A razor with which you can not shave may have better metal in it than one with a perfect edge. One has been sharpened and the other not. And I am very sure that the men who write best do not necessarily know the most; Fate has put an edge on them–that’s all. A good kick may start a stone rolling, when otherwise it rests on the mountain-side for a generation.
Kenyon was one type of the men who rest on the mountain-side. He dabbled in poetry, wrote book-reviews, collected rare editions, attended first nights, spoke mysteriously of “stuff” he was working on; and sometimes confidentially told his lady friends of his intention to bring it out when he had gotten it into shape, asking their advice as to bindings, etc. Men of this type rarely bring out their stuff, for the reason that they never get it into shape. When they refer to the novel they have on the stocks, they refer to a novel they intend to write. It is yet in the ink-bottle.

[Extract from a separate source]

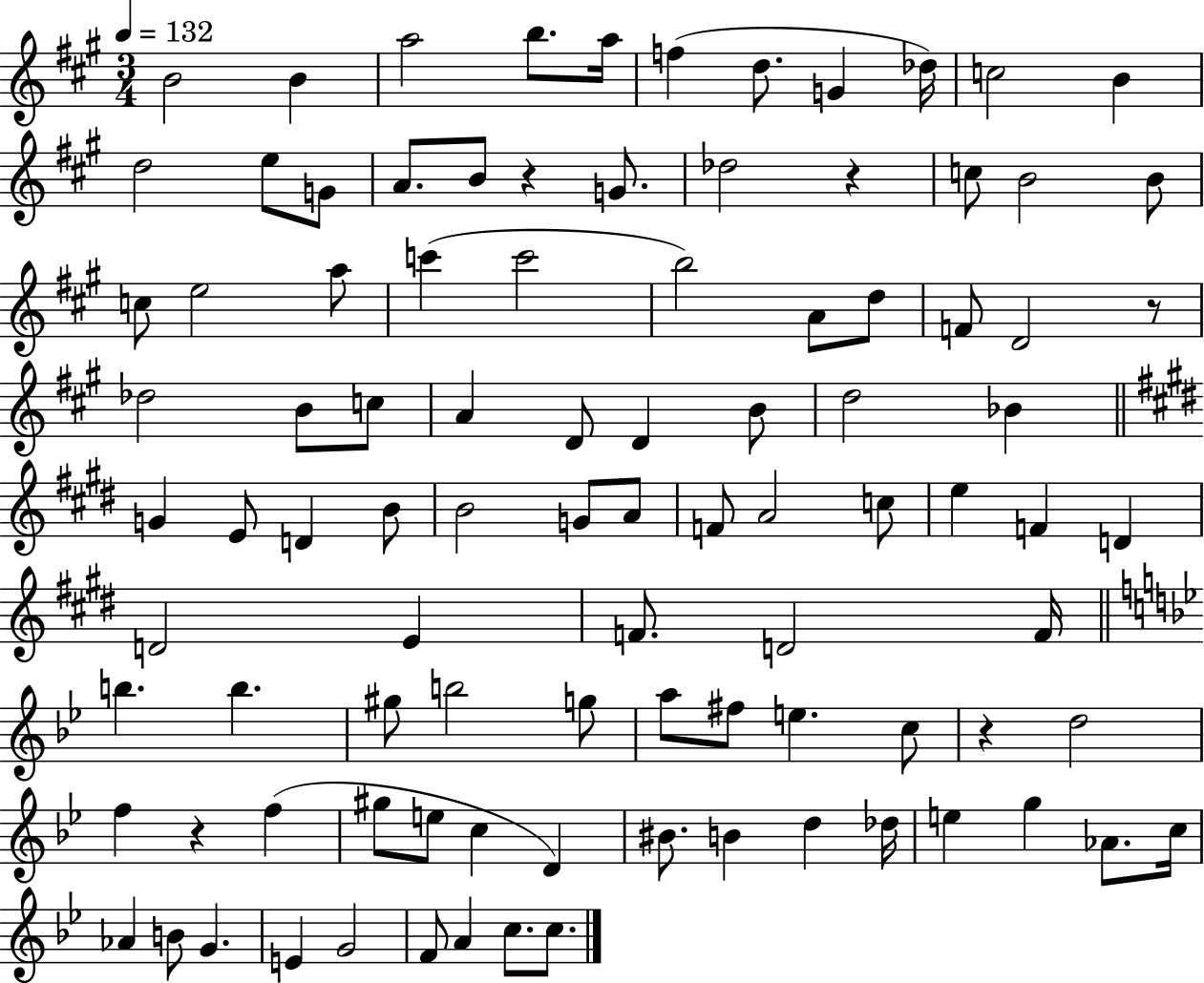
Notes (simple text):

B4/h B4/q A5/h B5/e. A5/s F5/q D5/e. G4/q Db5/s C5/h B4/q D5/h E5/e G4/e A4/e. B4/e R/q G4/e. Db5/h R/q C5/e B4/h B4/e C5/e E5/h A5/e C6/q C6/h B5/h A4/e D5/e F4/e D4/h R/e Db5/h B4/e C5/e A4/q D4/e D4/q B4/e D5/h Bb4/q G4/q E4/e D4/q B4/e B4/h G4/e A4/e F4/e A4/h C5/e E5/q F4/q D4/q D4/h E4/q F4/e. D4/h F4/s B5/q. B5/q. G#5/e B5/h G5/e A5/e F#5/e E5/q. C5/e R/q D5/h F5/q R/q F5/q G#5/e E5/e C5/q D4/q BIS4/e. B4/q D5/q Db5/s E5/q G5/q Ab4/e. C5/s Ab4/q B4/e G4/q. E4/q G4/h F4/e A4/q C5/e. C5/e.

And there it remains–all for the want of one good kick–but perhaps it’s just as well.
Yet these friendly beings are very useful members of society. They are brighter companions and better talkers than the men who exhaust themselves in creative work and at odd times favor their friends with choice samples of literary irritability. John Kenyon wrote a few bright little things, but his best work was in the encouragement he gave others. He sought out all literary lions and tamed them with his steady glance. They liked his prattle and good-cheer, and he liked them for many reasons–one of which was because he could go away and tell how he advised them about this, that and the other. Then he fed them, too.
And so unrivaled was Kenyon in this line that he won for himself the title of “The Feeder of Lions.” Now, John Kenyon–rich, idle, bookish and generous–saw in the magazines certain fine little poems by one Elizabeth Barrett. He also ascertained that she had published several books. Mr. Kenyon bought one of these volumes and sent it by a messenger with a little note to Miss Barrett telling how much he had enjoyed it, and craved that she would inscribe her name and his on the fly-leaf and return by bearer. Of course she complied with such a modest request so gracefully expressed; these things are balm to poets’ souls. Next, Mr. Kenyon called to thank Miss Barrett for the autograph. Soon after, he wrote to inform her of a startling fact that he had just discovered: they were kinsmen, cousins or something–a little removed, but cousins still. In a few weeks they wrote letters back and forth beginning thus: Dear Cousin.
And I am glad of this cousinly arrangement between lonely young people. They grasp at it; and it gives an excuse for a bit of closer relationship than could otherwise exist with propriety. Goodness me! is he not my cousin? Of course he may call as often as he chooses. It is his right.
But let me explain here that at this time Mr. Kenyon was not so very young–that is, he was not absurdly young: he was fifty. But men who really love books always have young hearts. Kenyon’s father left him a fortune, no troubles had ever come his way, and his was not the temperament that searches them out. He dressed young, looked young, acted young, felt young.